Pour les organisateurs, une consigne : « faut que ça pète », a résumé au début du procès le responsable des meetings chez Bygmalion, Franck Attal.
L’accusation estime que M. Sarkozy a laissé filer les dépenses, malgré plusieurs alertes claires sur les risques de dépassement, et ainsi « incontestablement » bénéficié de la fraude, qui lui a permis de disposer de « moyens bien supérieurs » à ce qu’autorisait la loi : au moins 42,8 millions au total, soit près du double du plafond légal à l’époque.
Pour lui éviter de devoir reconnaître publiquement que ses dépenses avaient dérivé « de manière spectaculaire », « avec les conséquences politiques et financières » qui s’en seraient suivies, dit l’accusation, il a été décidé de « purger » le compte de campagne.
Une thèse à laquelle ne croit pas Nicolas Sarkozy : le prix de ses meetings était « parfaitement en ligne » avec ceux de son opposant François Hollande, avait-il dit aux enquêteurs.

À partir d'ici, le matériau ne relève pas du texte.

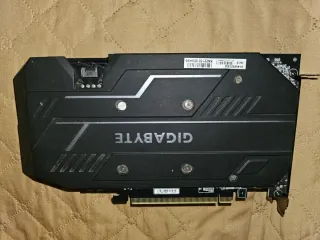 Gigabyte GTX 1660 SUPER OC 6GB GDDR6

Alors, « où est passé cet argent ? »
L’ex secrétaire général de l’UMP Jean-François Copé, blanchi dans cette affaire et entendu comme simple témoin la semaine dernière, a bien une idée. « Il faut toujours se demander à qui cela profite », avait-il répondu au tribunal alors qu’on lui demandait son « hypothèse » sur la question du procès : qui a ordonné la fraude ?
« Les décisions se prenaient à l’Élysée »
Les sarkozystes et copéistes se sont toujours rejeté la responsabilité de ce scandale qui a causé des déflagrations en série à droite. Quand l’affaire avait été révélée dans la presse en 2014, Jean-François Copé avait d’abord été accusé d’être derrière un système créé pour constituer une « caisse noire » dédiée à son avenir politique.
Jérôme Lavrilleux, à l’époque directeur de cabinet de M. Copé et directeur-adjoint de la campagne, et seul à l’UMP à avoir reconnu la fraude, assure que ni son patron, ni Nicolas Sarkozy, n’avaient été mis au courant.
Les autres anciens cadres de l’UMP et de la campagne ont de leur côté évité de parler de l’ex-chef de l’État. « Les décisions se prenaient à l’Élysée », a-t-on tout au plus entendu.
En marge de l’interrogatoire du directeur de campagne Guillaume Lambert la semaine dernière, un avocat de la défense s’en était étonné : « quelqu’un va poser une question sur Sarkozy à un moment ? » Le procès est prévu jusqu’au 22 juin.